What the task requires »
Below are entries; output exactly the lines from the one with "Osingvacation.com thumbnail" to the one with "The Pink Stuff", both included, and nothing else.

Data »
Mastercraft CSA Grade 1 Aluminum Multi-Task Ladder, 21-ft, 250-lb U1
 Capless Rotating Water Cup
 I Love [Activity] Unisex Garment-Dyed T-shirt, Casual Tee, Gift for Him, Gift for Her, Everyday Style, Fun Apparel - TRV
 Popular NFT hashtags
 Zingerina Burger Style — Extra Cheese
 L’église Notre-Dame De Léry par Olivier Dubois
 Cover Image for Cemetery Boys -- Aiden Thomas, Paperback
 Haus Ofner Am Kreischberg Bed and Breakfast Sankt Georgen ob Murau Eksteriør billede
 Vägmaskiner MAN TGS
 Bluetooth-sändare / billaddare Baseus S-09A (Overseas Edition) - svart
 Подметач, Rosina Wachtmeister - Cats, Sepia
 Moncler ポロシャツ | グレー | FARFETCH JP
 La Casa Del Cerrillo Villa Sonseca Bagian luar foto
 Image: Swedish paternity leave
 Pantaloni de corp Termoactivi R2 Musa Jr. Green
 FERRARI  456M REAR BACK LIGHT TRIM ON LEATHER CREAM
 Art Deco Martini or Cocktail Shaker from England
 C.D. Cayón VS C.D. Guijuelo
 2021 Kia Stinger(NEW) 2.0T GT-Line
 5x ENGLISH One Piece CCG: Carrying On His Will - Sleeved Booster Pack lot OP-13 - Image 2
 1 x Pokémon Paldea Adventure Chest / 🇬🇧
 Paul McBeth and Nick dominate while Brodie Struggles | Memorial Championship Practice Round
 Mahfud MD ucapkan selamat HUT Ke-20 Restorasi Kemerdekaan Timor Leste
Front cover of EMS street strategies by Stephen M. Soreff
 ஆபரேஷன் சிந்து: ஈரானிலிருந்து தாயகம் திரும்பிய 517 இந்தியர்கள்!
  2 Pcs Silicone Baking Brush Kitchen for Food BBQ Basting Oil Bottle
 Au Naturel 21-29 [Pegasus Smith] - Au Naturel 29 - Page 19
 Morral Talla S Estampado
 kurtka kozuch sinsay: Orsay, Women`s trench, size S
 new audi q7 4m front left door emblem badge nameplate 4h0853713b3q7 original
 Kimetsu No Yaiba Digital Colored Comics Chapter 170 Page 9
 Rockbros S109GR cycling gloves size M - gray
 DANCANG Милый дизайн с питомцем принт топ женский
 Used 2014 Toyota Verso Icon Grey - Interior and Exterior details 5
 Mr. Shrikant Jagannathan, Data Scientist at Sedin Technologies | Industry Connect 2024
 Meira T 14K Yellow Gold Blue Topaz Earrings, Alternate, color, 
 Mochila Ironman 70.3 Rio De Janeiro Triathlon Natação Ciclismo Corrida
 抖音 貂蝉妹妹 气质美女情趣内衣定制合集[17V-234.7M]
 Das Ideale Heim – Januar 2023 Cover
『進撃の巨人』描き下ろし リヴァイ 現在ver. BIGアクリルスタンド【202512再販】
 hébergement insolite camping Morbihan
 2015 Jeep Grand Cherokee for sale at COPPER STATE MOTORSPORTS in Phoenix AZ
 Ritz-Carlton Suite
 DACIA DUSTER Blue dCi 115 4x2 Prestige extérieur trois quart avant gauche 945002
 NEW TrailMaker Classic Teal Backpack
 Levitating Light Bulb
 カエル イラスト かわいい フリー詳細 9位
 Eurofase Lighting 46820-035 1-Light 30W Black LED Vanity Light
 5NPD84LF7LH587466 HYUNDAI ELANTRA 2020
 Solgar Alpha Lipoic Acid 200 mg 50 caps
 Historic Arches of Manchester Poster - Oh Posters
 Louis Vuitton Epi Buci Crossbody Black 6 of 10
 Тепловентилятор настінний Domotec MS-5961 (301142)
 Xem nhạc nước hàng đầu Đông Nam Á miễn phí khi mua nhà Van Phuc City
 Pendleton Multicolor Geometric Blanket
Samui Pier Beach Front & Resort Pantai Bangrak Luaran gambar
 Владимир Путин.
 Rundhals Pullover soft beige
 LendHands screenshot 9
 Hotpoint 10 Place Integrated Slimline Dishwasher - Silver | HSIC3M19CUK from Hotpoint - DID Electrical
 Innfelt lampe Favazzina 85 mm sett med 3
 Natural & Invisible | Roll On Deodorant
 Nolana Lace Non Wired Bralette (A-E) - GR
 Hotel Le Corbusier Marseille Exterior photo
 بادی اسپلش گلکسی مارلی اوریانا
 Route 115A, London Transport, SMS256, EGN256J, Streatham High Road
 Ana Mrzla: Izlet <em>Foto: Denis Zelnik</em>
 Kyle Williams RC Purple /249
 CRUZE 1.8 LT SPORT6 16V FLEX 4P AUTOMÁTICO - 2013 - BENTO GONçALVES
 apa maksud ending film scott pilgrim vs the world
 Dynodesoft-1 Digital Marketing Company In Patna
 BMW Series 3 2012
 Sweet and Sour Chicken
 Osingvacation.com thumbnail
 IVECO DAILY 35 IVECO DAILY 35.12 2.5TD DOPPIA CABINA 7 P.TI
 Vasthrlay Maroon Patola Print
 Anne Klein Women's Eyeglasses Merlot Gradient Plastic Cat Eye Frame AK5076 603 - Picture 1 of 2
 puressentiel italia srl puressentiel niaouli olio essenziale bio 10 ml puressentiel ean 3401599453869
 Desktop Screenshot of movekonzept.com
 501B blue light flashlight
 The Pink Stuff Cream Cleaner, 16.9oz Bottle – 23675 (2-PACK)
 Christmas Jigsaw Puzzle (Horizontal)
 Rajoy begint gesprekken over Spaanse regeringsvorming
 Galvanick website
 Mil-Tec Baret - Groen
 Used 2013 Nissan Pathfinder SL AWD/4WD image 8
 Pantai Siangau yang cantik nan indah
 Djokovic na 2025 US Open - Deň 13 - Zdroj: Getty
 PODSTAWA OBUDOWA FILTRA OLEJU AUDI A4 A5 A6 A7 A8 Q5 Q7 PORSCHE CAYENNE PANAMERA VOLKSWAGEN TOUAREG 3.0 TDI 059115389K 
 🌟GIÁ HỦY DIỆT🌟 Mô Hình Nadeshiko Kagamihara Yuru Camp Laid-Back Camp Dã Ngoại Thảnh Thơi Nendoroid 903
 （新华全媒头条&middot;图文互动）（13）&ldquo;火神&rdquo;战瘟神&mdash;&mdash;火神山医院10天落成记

Answer area »
 Osingvacation.com thumbnail
 IVECO DAILY 35 IVECO DAILY 35.12 2.5TD DOPPIA CABINA 7 P.TI
 Vasthrlay Maroon Patola Print
 Anne Klein Women's Eyeglasses Merlot Gradient Plastic Cat Eye Frame AK5076 603 - Picture 1 of 2
 puressentiel italia srl puressentiel niaouli olio essenziale bio 10 ml puressentiel ean 3401599453869
 Desktop Screenshot of movekonzept.com
 501B blue light flashlight
 The Pink Stuff Cream Cleaner, 16.9oz Bottle – 23675 (2-PACK)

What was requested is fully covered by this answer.